It’s hard to stand out in the SEC. Mississippi is probably one of the ten best teams in the country, and they’re 5–2, twelfth in the conference standings, and 18th in the AP poll. This might be the best football team Mississippi has ever had. It’s almost certainly the school’s best in the last sixty years. Unless Lane Kiffin can find a way to upset Georgia, there’s a good chance the team will play in something like the ReliaQuest Bowl, and that would be among the better options. There are so many benefits to SEC membership, many of them financial, but when it comes to building a noteworthy program, it’s hard to find a place that rewards growth less. To win, you must be great. Anything less, and you’ll easily find yourself swallowed.
We’ve ridden the Alabama rollercoaster this year, as a lot of people have. We haven’t ridden it with the same emotional vigor as Alabama fans themselves, but we’ve ridden it. Concerned post-Saban about the program falling off? Yes. Eager to give Kalen DeBoer his plaudits post-Georgia? That was us. Taken aback by the struggles against Vanderbilt and South Carolina? Us too. If I’m going to give us credit for anything, it’s for the dawning realization early this season that this year might be DeBoer’s easiest, his biggest challenge more about keeping a chaos-prone community from descending into chaos, as opposed to building something new like most coaches have to do. Even that, though, is looking unwise in hindsight. We were too focused on recruiting.

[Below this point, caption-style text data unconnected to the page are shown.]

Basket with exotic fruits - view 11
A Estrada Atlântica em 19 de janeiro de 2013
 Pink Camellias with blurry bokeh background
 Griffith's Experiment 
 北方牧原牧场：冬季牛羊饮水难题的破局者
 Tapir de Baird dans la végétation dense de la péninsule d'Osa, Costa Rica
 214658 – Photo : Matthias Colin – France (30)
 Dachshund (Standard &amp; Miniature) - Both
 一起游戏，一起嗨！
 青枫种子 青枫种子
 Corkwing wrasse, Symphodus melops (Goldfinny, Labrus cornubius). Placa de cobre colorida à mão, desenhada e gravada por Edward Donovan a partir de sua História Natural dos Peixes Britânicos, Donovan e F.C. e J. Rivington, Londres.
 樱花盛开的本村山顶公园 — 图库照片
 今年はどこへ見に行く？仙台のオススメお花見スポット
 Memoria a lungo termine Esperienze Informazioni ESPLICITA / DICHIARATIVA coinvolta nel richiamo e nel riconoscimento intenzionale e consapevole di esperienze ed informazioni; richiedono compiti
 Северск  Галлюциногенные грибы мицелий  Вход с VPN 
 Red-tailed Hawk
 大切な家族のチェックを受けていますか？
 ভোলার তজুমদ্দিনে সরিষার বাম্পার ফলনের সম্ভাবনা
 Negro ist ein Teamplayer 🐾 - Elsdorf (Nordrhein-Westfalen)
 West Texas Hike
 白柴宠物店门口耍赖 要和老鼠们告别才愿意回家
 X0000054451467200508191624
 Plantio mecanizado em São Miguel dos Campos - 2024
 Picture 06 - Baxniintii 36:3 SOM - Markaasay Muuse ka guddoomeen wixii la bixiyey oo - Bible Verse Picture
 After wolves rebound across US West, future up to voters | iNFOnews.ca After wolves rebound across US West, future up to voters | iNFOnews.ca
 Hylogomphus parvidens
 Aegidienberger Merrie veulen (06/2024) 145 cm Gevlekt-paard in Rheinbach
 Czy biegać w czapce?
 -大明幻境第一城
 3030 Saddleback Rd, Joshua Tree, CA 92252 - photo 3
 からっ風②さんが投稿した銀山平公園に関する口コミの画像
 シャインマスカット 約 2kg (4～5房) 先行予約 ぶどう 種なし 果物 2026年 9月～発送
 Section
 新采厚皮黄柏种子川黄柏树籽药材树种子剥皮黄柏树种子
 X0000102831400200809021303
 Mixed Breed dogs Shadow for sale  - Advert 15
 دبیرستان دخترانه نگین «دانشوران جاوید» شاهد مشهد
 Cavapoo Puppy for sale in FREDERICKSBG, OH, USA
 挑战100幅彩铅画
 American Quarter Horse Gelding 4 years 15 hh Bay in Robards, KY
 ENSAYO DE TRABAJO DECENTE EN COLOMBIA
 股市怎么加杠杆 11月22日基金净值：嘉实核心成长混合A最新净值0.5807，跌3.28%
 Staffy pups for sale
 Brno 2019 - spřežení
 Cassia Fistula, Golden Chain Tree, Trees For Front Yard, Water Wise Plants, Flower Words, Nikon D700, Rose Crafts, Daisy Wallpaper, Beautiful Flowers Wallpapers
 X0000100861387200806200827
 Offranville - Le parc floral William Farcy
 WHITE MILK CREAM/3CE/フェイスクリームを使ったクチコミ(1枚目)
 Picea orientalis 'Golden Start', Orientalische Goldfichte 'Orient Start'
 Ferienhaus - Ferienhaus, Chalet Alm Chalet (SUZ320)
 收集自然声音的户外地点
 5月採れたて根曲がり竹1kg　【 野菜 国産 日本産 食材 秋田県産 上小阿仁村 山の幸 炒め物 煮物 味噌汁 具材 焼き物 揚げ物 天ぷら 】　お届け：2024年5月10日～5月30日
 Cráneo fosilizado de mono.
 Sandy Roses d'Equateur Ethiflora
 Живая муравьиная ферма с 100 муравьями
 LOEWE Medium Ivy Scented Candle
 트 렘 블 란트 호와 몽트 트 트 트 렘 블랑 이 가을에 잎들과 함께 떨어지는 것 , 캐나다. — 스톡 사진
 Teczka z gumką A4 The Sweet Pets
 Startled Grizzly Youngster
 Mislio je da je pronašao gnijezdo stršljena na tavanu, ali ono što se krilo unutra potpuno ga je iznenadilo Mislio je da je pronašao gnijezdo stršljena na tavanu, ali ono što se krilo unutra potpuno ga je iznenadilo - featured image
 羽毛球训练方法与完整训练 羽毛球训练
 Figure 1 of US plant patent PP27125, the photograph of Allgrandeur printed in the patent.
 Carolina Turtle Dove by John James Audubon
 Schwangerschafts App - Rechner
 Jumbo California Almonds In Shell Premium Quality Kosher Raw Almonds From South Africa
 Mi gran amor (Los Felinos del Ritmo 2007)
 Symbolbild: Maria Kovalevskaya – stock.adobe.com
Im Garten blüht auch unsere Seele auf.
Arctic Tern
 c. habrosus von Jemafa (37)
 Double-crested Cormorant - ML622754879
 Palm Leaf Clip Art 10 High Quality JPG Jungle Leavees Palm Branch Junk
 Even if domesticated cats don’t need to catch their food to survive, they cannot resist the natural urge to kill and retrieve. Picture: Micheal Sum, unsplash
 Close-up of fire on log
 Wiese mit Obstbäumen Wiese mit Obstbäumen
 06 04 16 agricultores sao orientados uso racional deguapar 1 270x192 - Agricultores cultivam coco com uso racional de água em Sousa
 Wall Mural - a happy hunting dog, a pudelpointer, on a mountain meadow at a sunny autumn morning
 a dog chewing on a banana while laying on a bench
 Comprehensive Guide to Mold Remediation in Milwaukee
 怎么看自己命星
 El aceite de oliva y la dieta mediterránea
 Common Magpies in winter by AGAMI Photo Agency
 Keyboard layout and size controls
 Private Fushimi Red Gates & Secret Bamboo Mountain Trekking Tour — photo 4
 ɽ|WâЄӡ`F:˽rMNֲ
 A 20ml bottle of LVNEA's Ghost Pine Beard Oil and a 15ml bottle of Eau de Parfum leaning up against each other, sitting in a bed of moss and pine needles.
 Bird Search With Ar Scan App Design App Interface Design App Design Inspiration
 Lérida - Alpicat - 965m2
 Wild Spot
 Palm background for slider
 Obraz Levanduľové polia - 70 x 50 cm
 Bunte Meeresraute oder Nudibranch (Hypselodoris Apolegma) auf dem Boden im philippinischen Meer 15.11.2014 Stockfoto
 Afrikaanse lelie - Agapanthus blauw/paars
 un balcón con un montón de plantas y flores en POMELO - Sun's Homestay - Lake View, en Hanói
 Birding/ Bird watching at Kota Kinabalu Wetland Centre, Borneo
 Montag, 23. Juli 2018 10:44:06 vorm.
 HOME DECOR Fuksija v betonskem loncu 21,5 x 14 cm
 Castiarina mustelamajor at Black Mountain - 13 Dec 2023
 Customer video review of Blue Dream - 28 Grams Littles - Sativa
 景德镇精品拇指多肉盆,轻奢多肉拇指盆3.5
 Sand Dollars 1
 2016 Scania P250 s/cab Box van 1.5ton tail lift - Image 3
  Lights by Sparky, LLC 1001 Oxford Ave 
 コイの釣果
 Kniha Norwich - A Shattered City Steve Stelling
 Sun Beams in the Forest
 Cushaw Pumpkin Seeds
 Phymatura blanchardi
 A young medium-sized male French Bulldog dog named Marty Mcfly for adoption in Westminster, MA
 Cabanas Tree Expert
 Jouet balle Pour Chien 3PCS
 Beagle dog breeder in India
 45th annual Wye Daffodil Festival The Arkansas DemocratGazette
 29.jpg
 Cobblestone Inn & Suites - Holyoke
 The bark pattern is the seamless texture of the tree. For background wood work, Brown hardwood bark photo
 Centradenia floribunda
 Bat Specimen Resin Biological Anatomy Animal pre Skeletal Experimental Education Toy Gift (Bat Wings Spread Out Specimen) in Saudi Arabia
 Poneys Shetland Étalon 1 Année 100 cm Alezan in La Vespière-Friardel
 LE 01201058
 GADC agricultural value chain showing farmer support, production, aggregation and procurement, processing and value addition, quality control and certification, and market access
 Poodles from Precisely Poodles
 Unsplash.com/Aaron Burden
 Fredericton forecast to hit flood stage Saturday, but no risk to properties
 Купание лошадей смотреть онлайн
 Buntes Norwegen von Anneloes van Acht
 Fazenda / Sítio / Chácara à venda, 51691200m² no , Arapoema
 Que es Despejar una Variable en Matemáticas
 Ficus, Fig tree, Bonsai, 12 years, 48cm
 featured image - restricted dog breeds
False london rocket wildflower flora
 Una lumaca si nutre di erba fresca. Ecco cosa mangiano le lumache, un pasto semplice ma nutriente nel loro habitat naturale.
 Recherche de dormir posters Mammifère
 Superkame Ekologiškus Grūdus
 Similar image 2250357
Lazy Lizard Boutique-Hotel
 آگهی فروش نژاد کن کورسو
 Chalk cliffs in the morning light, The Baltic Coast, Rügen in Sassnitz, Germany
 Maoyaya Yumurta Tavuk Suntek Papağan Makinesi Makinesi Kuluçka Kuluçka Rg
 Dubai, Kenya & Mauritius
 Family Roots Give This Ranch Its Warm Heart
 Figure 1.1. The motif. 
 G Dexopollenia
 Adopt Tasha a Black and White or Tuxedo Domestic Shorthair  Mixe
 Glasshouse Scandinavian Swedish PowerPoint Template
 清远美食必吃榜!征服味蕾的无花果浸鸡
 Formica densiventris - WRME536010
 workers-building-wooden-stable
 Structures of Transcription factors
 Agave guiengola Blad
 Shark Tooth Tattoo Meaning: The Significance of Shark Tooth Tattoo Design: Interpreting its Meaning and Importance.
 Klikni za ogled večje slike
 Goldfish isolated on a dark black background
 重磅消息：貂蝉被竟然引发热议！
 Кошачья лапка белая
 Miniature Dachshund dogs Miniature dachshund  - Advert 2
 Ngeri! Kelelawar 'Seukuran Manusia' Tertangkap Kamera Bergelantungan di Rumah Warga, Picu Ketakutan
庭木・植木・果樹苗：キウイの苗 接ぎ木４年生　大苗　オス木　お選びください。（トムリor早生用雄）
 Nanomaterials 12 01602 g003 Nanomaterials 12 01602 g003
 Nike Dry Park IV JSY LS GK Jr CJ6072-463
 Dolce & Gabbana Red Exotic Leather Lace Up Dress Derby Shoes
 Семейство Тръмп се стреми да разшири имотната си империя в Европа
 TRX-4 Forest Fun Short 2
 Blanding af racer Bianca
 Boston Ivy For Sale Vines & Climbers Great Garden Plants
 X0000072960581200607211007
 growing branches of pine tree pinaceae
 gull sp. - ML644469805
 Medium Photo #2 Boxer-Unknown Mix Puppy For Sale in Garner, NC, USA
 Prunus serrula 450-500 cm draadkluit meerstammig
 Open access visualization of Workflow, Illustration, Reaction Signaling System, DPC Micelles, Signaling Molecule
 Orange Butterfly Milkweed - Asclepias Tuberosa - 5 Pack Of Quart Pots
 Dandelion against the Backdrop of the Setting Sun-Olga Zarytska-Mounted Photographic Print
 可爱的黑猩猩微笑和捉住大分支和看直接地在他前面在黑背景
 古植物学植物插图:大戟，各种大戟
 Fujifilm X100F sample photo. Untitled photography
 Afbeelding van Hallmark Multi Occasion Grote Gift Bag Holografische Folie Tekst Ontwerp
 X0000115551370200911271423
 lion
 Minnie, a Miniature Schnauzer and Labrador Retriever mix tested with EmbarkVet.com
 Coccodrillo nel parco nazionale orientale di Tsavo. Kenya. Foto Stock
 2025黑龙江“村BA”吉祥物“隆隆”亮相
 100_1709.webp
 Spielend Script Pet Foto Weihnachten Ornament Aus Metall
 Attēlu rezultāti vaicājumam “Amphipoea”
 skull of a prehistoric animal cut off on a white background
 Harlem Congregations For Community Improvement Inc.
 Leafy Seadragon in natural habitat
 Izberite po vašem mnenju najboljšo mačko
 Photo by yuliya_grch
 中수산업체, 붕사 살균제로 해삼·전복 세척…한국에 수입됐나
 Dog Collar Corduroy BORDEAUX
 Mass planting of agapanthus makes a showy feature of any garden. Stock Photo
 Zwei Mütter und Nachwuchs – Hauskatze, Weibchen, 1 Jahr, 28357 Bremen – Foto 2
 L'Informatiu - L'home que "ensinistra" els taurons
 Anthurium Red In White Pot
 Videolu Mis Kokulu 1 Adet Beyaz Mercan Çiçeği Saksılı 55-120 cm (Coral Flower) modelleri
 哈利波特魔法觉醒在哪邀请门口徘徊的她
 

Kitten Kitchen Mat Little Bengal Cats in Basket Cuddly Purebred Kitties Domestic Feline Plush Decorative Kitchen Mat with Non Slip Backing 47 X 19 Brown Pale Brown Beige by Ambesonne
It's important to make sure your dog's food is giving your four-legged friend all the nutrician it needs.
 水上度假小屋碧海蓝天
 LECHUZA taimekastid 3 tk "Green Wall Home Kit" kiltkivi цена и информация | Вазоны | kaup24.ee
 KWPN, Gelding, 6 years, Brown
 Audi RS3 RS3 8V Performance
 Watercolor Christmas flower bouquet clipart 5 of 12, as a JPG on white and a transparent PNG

We weren’t focused enough on the difficulty of keeping a talented team focused and executing at a high level.
On its surface, the Tennessee loss is far from damning. Our model’s rating system rates the Volunteers the seventh-best team in the country, and our bracketology this morning projected Josh Heupel’s team to claim the 9-seed. Neyland Stadium is one of many iconic venues in this sport. It’s hard to win the cigar game. It’s hard to beat Josh Heupel. It’s understandable to lose at Tennessee.
However.
The first problem, for DeBoer and Alabama, is that Alabama entered Knoxville having forfeited the luxury of seeing the understandable go understood. Were this Alabama’s first loss of the season, we’d congratulate Tennessee on the accomplishment and hardly dwell on the Tide, aside from pondering whether they might not quite be as good as Ohio State. (Spoiler: We’re going to have a conversation like that about Texas in a few paragraphs.) This was not Alabama’s first loss of the season. Alabama lost to Vanderbilt. And in between that loss and this one, Alabama slopped its way through a two-point home victory over South Carolina, a respectable team but very much one swallowed amidst the depths of the SEC.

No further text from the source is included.